Data shown section start

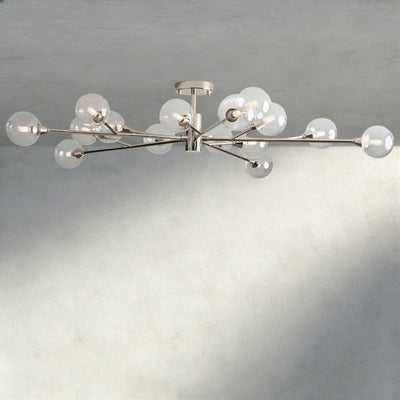 Apollo Flush Mount 20", 36", 47" - Cyran Lamps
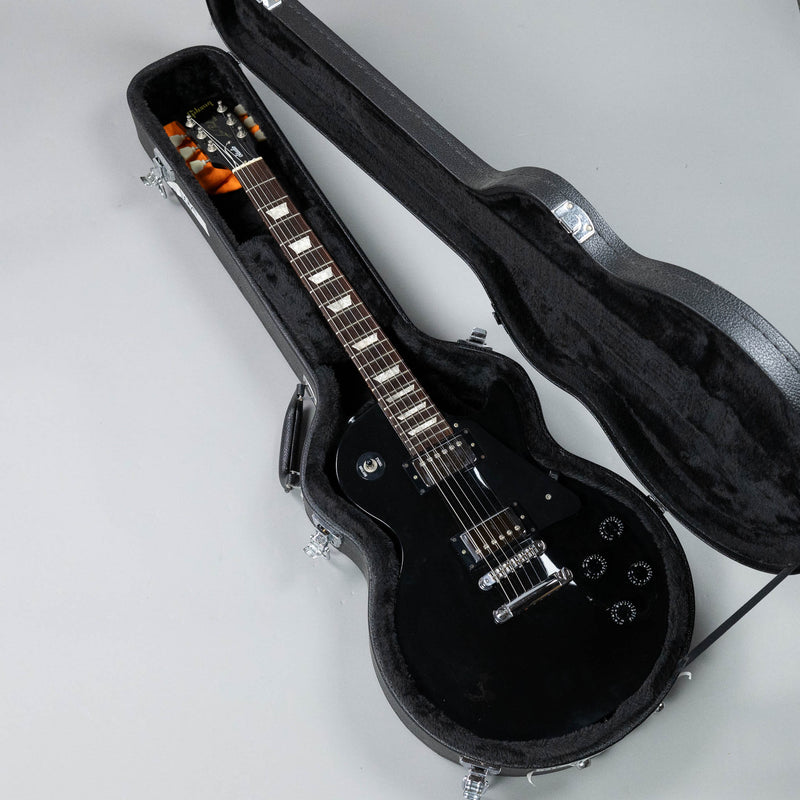 1996 Gibson Les Paul Studio (USA, Ebony, HSC)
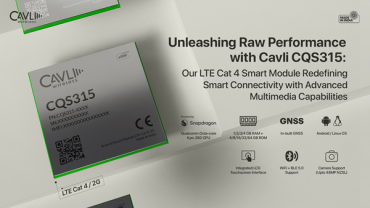 Cavli Wireless is all set to introduce the LTE Cat 4 CQS315 Smart Module at Electronica Munich 2024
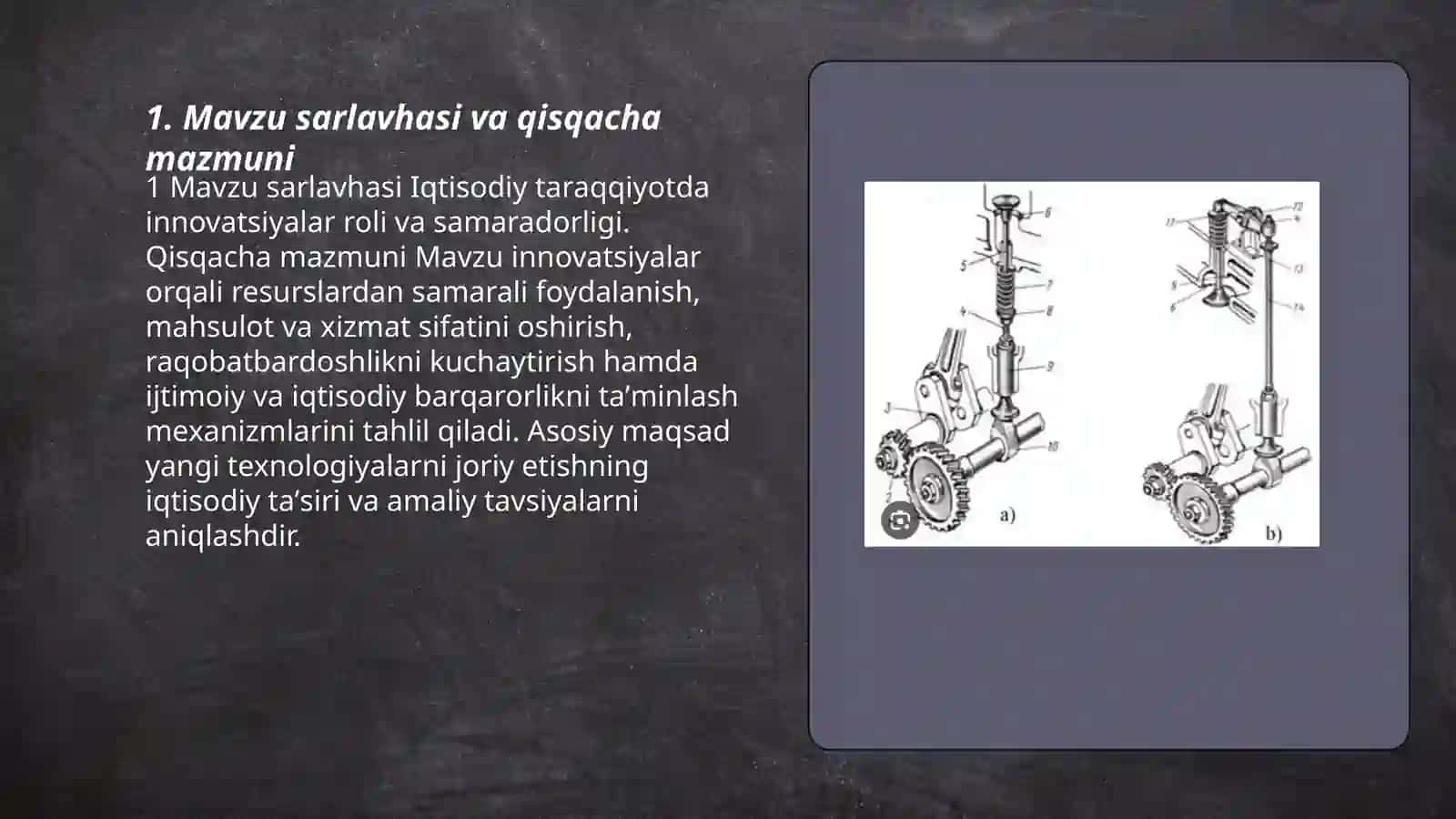 Iqtisodiy taraqqiyotda innovatsiyalar roli va samaradorligi 3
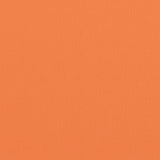 Vidaxl Balkon Bildschirm 75x500 cm Oxford Fabric Orange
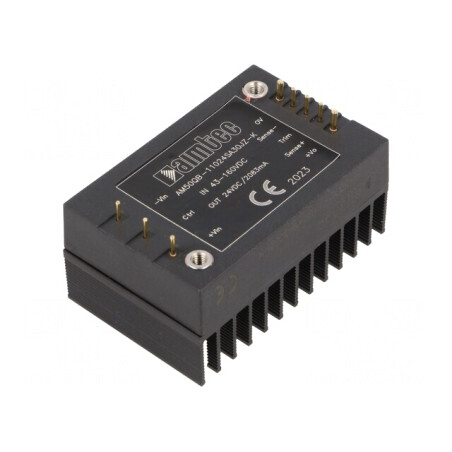 Convertor DC/DC 50W 43-160V la 24V 2.083A | Electronic-mag.ro | Componente Electronice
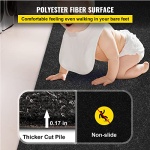 Happybuy Boat Carpet, 6 ft x 18 ft Marine Carpet for Boats, Waterproof Black Indoor Outdoor Carpet with Marine Backing Anti-Slide Marine Grade Boat Carpet Cuttable Easy to Clean Patio Rugs Deck Rug - Image 8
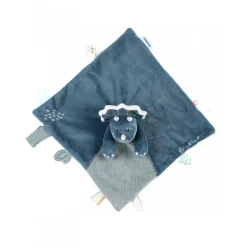 Doudou veloudoux tricératops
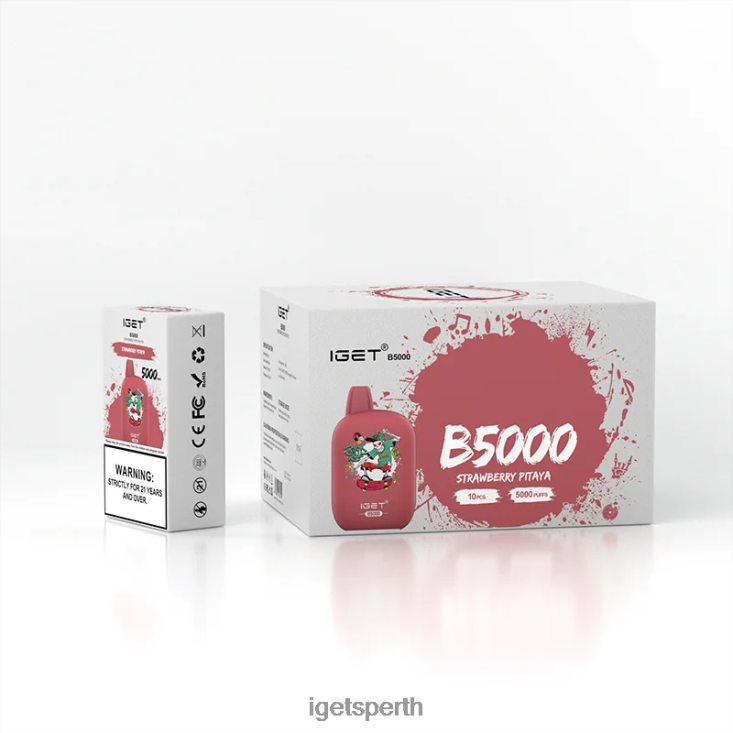IGET B5000 40Z8313 Strawberry Pitaya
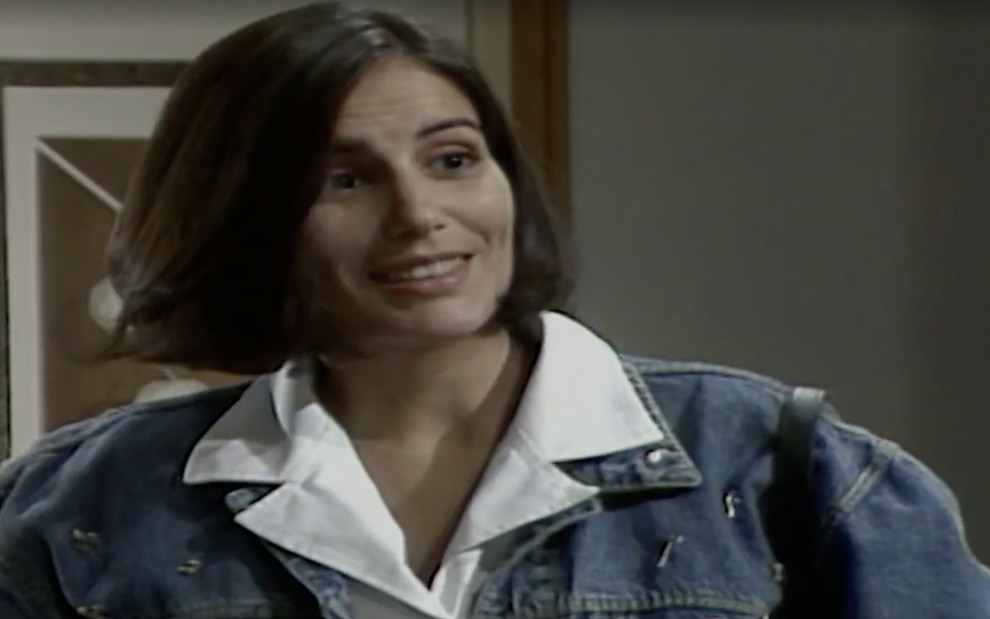 Gloria Pires em cena de Vale Tudo, novela de 1988 que fez duras críticas à sociedade brasileira - Reprodução/TV Globo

Data shown section end

Your objective: Your copy should hold exactly the lines from the line bearing "Vidaxl Balkon Bildschirm" through the end of the data, both included, and no pictures or anything further.

Exercise response:
 Vidaxl Balkon Bildschirm 75x500 cm Oxford Fabric Orange
 Convertor DC/DC 50W 43-160V la 24V 2.083A | Electronic-mag.ro | Componente Electronice
 Happybuy Boat Carpet, 6 ft x 18 ft Marine Carpet for Boats, Waterproof Black Indoor Outdoor Carpet with Marine Backing Anti-Slide Marine Grade Boat Carpet Cuttable Easy to Clean Patio Rugs Deck Rug - Image 8
 Doudou veloudoux tricératops
IGET B5000 40Z8313 Strawberry Pitaya
 Gloria Pires em cena de Vale Tudo, novela de 1988 que fez duras críticas à sociedade brasileira - Reprodução/TV Globo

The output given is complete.